START Available records
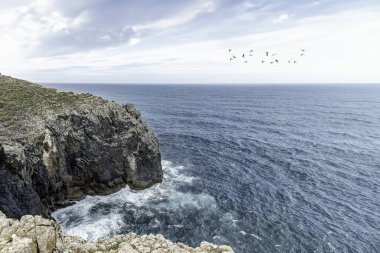 Portekiz 'in Cabo San Vicente şehrinde engebeli uçurumlar ve kayalık bir kıyı şeridi bulunan dramatik bir kıyı manzarası..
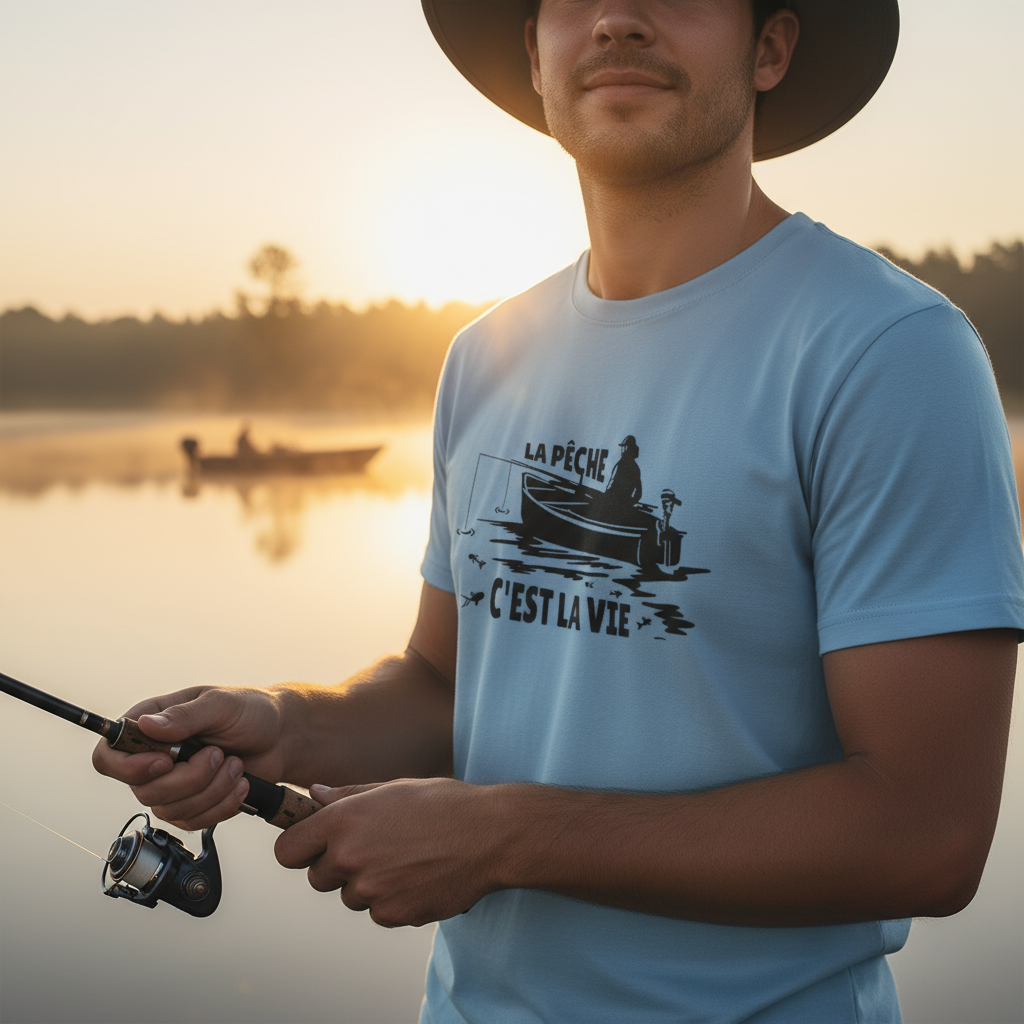 🎣 T-shirt Homme Pêche “La Pêche c’est la Vie” – Passion & Détente | UNiKtee - REF00025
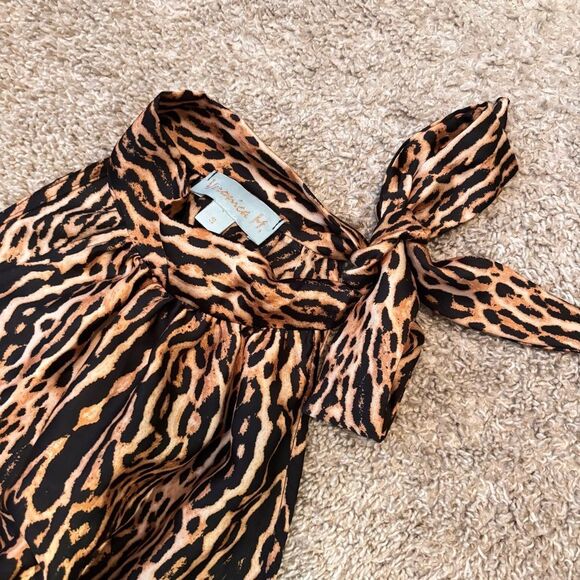 VERONICA M. Marina Women’s High Neck Halter Tie Top Size S Leopard Print - Picture 4 of 4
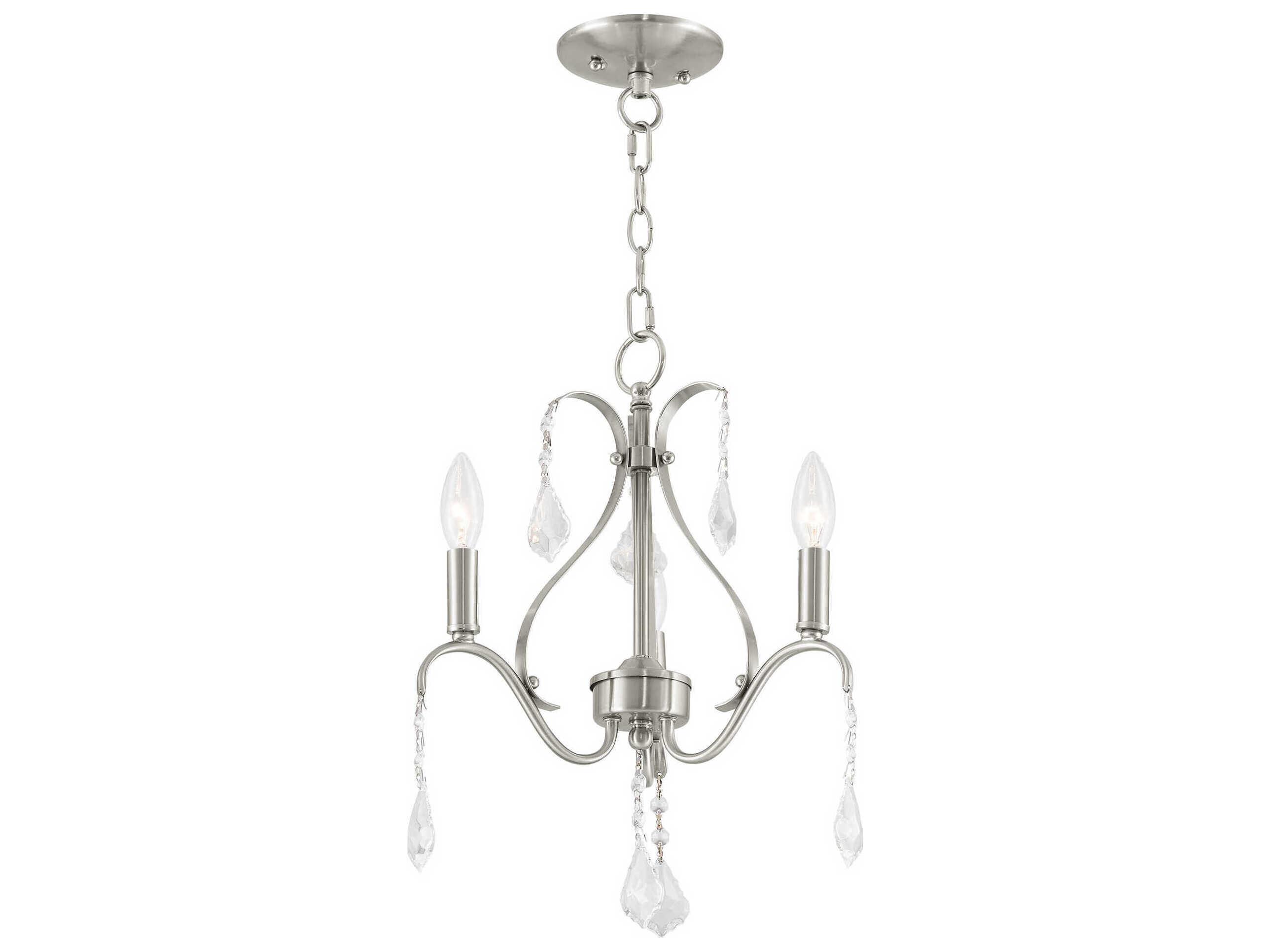 Livex Lighting Caterina 3-Light Brushed Nickel Clear Crystal Candelabra Chandelier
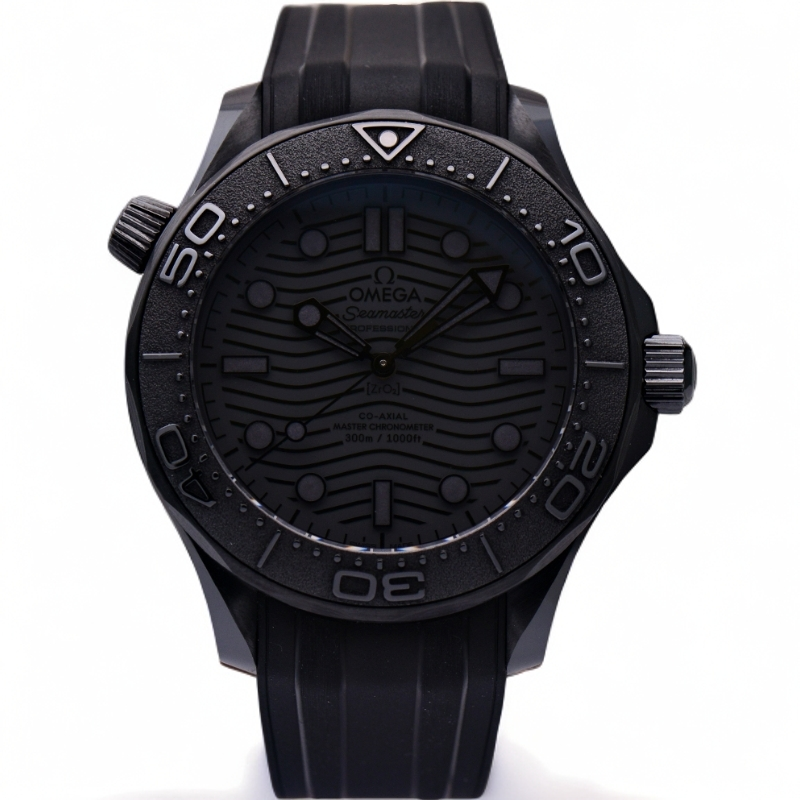 99新 Omega/欧米茄 海马300系列黑陶瓷全套自动机械男表43.5mm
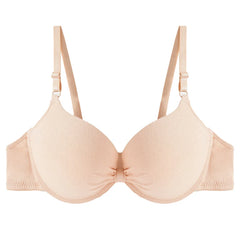 Women Cotton Gathered Bra Deep V Underwire Ladies Brassiere Push Up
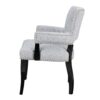 Contemporary Arm Dining Chair With Nailhead Trim - Gray / Black Noir - Image 5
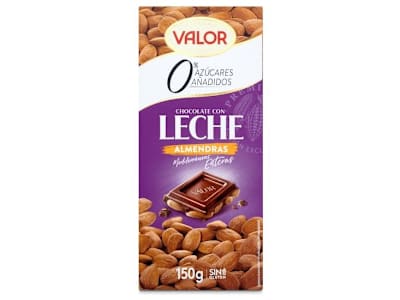 Chocolate con leche y almendras enteras 0% azúcares Valor 150 g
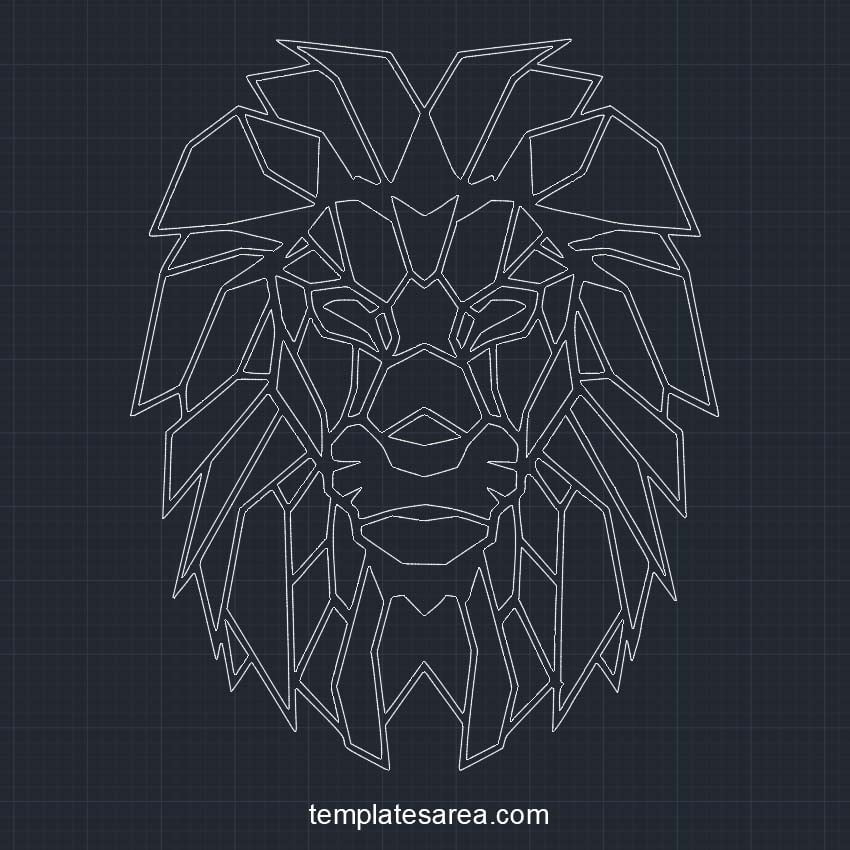 Download our free geometric lion face DWG file today and create stunning wall art, furniture designs, and more. Compatible with CNC routers and 2D CAD software.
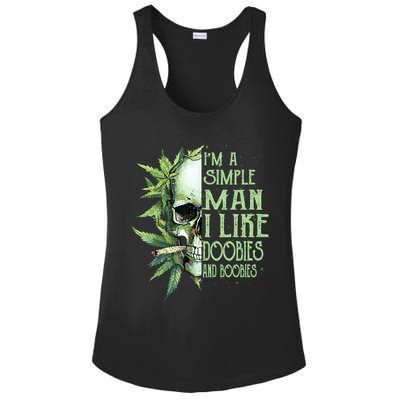 IM A Simple Man I Like Doobies And Boobies Skull Weed Ladies PosiCharge Competitor Racerback Tank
END Available records
▸ **Assigned task**: Omit the images and transcribe all of the records above word for word.

▸ **Finished task**:
 Portekiz 'in Cabo San Vicente şehrinde engebeli uçurumlar ve kayalık bir kıyı şeridi bulunan dramatik bir kıyı manzarası..
 🎣 T-shirt Homme Pêche “La Pêche c’est la Vie” – Passion & Détente | UNiKtee - REF00025
 VERONICA M. Marina Women’s High Neck Halter Tie Top Size S Leopard Print - Picture 4 of 4
 Livex Lighting Caterina 3-Light Brushed Nickel Clear Crystal Candelabra Chandelier
 99新 Omega/欧米茄 海马300系列黑陶瓷全套自动机械男表43.5mm
 Women Cotton Gathered Bra Deep V Underwire Ladies Brassiere Push Up
 Contemporary Arm Dining Chair With Nailhead Trim - Gray / Black Noir - Image 5
 Chocolate con leche y almendras enteras 0% azúcares Valor 150 g
 Download our free geometric lion face DWG file today and create stunning wall art, furniture designs, and more. Compatible with CNC routers and 2D CAD software.
 IM A Simple Man I Like Doobies And Boobies Skull Weed Ladies PosiCharge Competitor Racerback Tank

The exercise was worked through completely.